§ **Available records**
_____

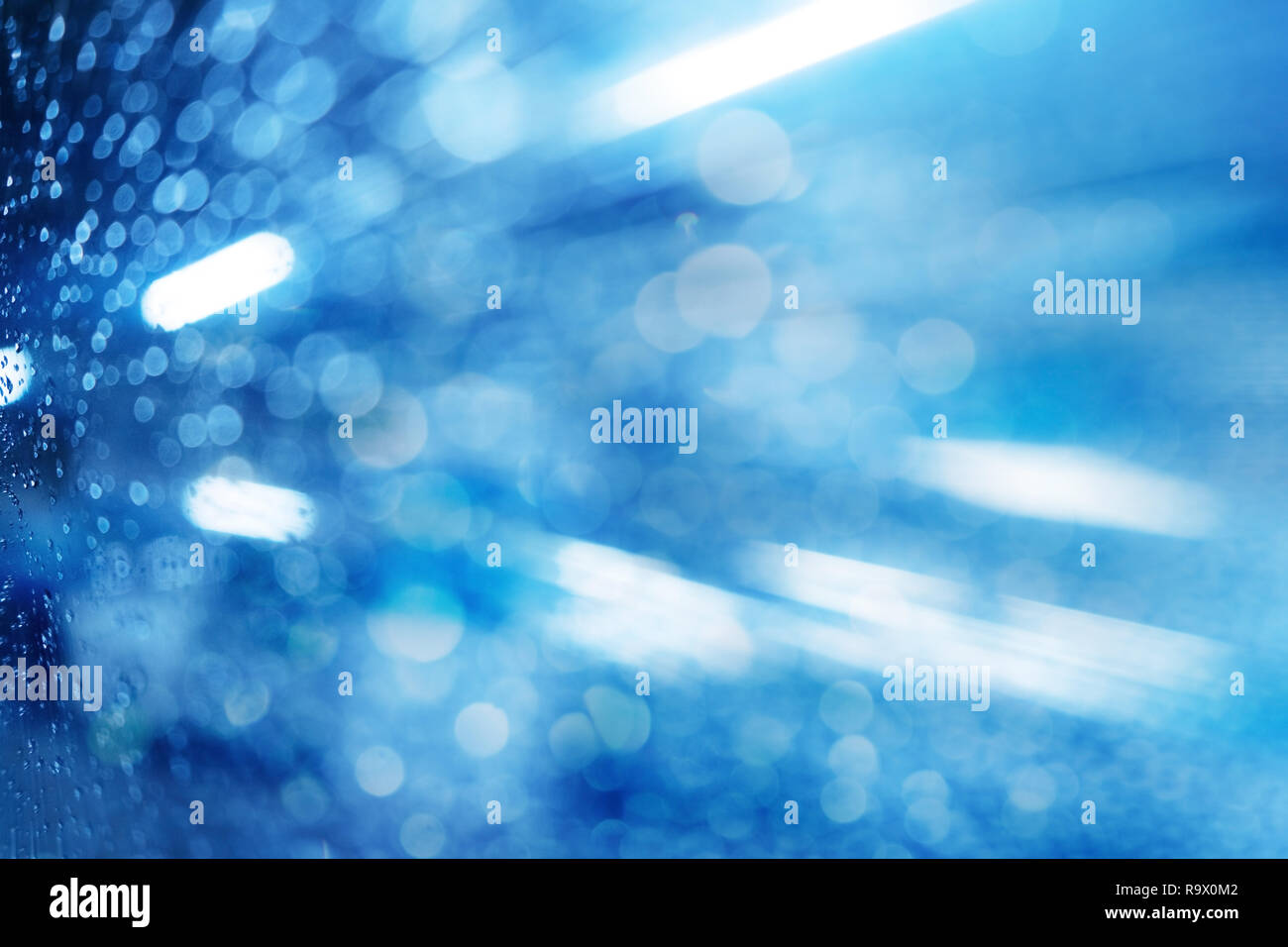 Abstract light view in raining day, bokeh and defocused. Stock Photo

_____

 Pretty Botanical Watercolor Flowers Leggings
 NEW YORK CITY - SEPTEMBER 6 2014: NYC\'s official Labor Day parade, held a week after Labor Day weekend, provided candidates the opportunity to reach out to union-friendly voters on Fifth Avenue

_____

§ **Work instruction**
Retype exactly the lines of the data above that fall between the line with "Pretty Botanical Watercolor Flowers Leggings" and the line with "NEW YORK CITY", inclusive, and add nothing.

§ **Solution to this problem**
 Pretty Botanical Watercolor Flowers Leggings
 NEW YORK CITY - SEPTEMBER 6 2014: NYC\'s official Labor Day parade, held a week after Labor Day weekend, provided candidates the opportunity to reach out to union-friendly voters on Fifth Avenue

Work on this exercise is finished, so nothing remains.